Neues Buch von Michel Houellebecq: Flirt mit dem Willen
Kontemplatives Kunstverständnis: In Michel Houellebecqs Eloge auf den Philosophen Arthur Schopenhauer lauscht ein Pessimist dem anderen.
Mit Schopenhauer ist das so eine Sache. In Philosophieseminaren an der Uni konnte man immer wieder auf Teilnehmer stoßen, kauzige, verschlossene Typen, die, ganz gleich, was gerade Thema war, plötzlich mit einer Wortmeldung um die Ecke kamen. Sinngemäß schlugen sie meistens vor, als Lösung für alles quasi, sich doch am besten an Schopenhauer zu halten. Um dann, wenn ihr Begehr auf taube Ohren stieß, zu verstummen.
Anscheinend übt Schopenhauer eine nicht ganz ungefährliche Faszination auf seine Leser aus. Auch der französische Schriftsteller Michel Houellebecq bekennt sich in seinem Büchlein „In Schopenhauers Gegenwart“ zu Größe und Bedeutung des Philosophen. In aller Bescheidenheit reklamiert Houellebecq darin, dass seit 1860, dem Todesjahr Schopenhauers, auf intellektueller Ebene „nichts mehr passiert ist“.
Houellebecq lobt an Schopenhauer etwa ein „geschlossenes philosophisches System“, das sich bei Thomas Mann oder Sigmund Freud nicht finde. Nun gut, könnte man einwenden, die Herren waren eben keine Philosophen, da sucht man im Zweifel vergeblich nach derlei Dingen.
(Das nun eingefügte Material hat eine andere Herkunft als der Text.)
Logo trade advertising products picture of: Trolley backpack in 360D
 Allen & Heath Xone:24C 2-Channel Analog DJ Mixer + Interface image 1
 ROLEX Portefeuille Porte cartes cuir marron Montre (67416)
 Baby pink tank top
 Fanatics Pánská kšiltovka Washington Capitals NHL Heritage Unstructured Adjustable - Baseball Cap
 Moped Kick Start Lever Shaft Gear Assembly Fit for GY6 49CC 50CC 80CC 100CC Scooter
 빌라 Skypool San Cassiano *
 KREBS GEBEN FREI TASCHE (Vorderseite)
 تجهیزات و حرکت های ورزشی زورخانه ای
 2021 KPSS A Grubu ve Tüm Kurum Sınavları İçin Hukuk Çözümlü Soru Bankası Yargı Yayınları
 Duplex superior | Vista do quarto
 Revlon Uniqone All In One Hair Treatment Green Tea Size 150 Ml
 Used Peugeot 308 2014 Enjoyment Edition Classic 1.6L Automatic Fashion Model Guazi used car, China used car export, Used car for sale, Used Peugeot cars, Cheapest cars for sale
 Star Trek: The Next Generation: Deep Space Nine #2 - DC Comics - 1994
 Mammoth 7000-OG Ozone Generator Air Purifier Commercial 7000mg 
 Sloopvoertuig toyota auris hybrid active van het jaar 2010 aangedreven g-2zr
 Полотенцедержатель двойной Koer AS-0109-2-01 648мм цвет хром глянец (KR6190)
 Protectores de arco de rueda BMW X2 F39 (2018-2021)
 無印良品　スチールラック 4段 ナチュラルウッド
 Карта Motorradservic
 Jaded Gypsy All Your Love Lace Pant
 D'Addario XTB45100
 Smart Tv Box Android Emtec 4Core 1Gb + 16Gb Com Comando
Und überhaupt habt sich das mit den Systemdenkern nach Schopenhauer in der Philosophie mehr oder minder erledigt. Worin das System bei Schopenhauer besteht, dass die Begriffe „Vorstellung“ und „Wille“ dafür zentral sind, kann man ohne Vorbereitung bei Houellebecq allerdings nicht recht nachvollziehen. Doch das nur am Rande.
Houellebecq tritt insofern wirklich bescheiden auf, als er die Hälfte der knapp 70 Seiten Text seinem Objekt der Bewunderung im Original einräumt. Die Auswahl der Schopenhauer-Zitate ist mehr oder minder repräsentativ für dessen Denken, den Kontext muss man sich überall ein bisschen dazu denken.
Michel Houellebecq:„In Schopenhauers Gegenwart“. Aus d. Französischen v. Stephan Kleiner. Dumont Verlag, Köln 2017, 76 Seiten, 18 Euro
Es sind eher Schnappschüsse, mit denen Houellebecq aufwartet. Mit mehr oder minder erhellenden Einlassungen des Schriftstellers umrahmt.
Toll findet er an Schopenhauer besonders, dass dieser sich als „Philosoph des Willens“ betätigt hat. Dass Schopenhauer damit Neuland betreten habe, das niemand vor ihm und auch nach ihm kaum jemand betreten habe, kann man allerdings nicht einfach so stehenlassen. In einem Sinn stimmt es wohl: So, wie Schopenhauer den Begriff „Willen“ deutet, haben das tatsächlich wenige sonst getan. Andererseits führt Houellebecq durchaus Spinoza an, dessen Begriff des Conatus, des Selbsterhaltungstriebs, vereinfacht gesprochen, ein direktes Vorbild für Schopenhauers Willensbegriff war. Womit Houellebecq sich im Grunde selbst widerspricht.
Gar nichts tun
Allemal interessant ist das kontemplative Kunstverständnis, das Houellebecq bei Schopenhauer entdeckt. Demnach ist ein Künstler weniger jemand, der Werke produziert, als jemand, der die Welt in einer bestimmten Weise anschaut. „Der Künstler ist immer einer, der ebenso gut gar nichts tun könnte,“ so Houellebecq, „der allein mit der Versenkung in die Welt und einer damit verbundenen vagen Träumerei zufrieden wäre“. Umgekehrt kann die Kunstproduktion der Kunst selbst sogar abträglich sein. Als Gedanke allemal reizvoll, wenn auch nicht gänzlich im Sinne des Kunstmarkts.
Über ein weihevolles Lob kommt Houellebecq ansonsten kaum hinaus. In Sätzen wie: „Er stellte die Wahrheit systematisch über die Originalität, was für jemanden von seinem Niveau alles andere als einfach gewesen sein muss“, offenbart sich bei Houellebecq zudem ein merkwürdiges (Miss-)Verständnis der Philosophie als solcher. Dass hier ein erklärter Pessimist hingebungsvoll dem anderen lauscht, geht aber alles in allem in Ordnung.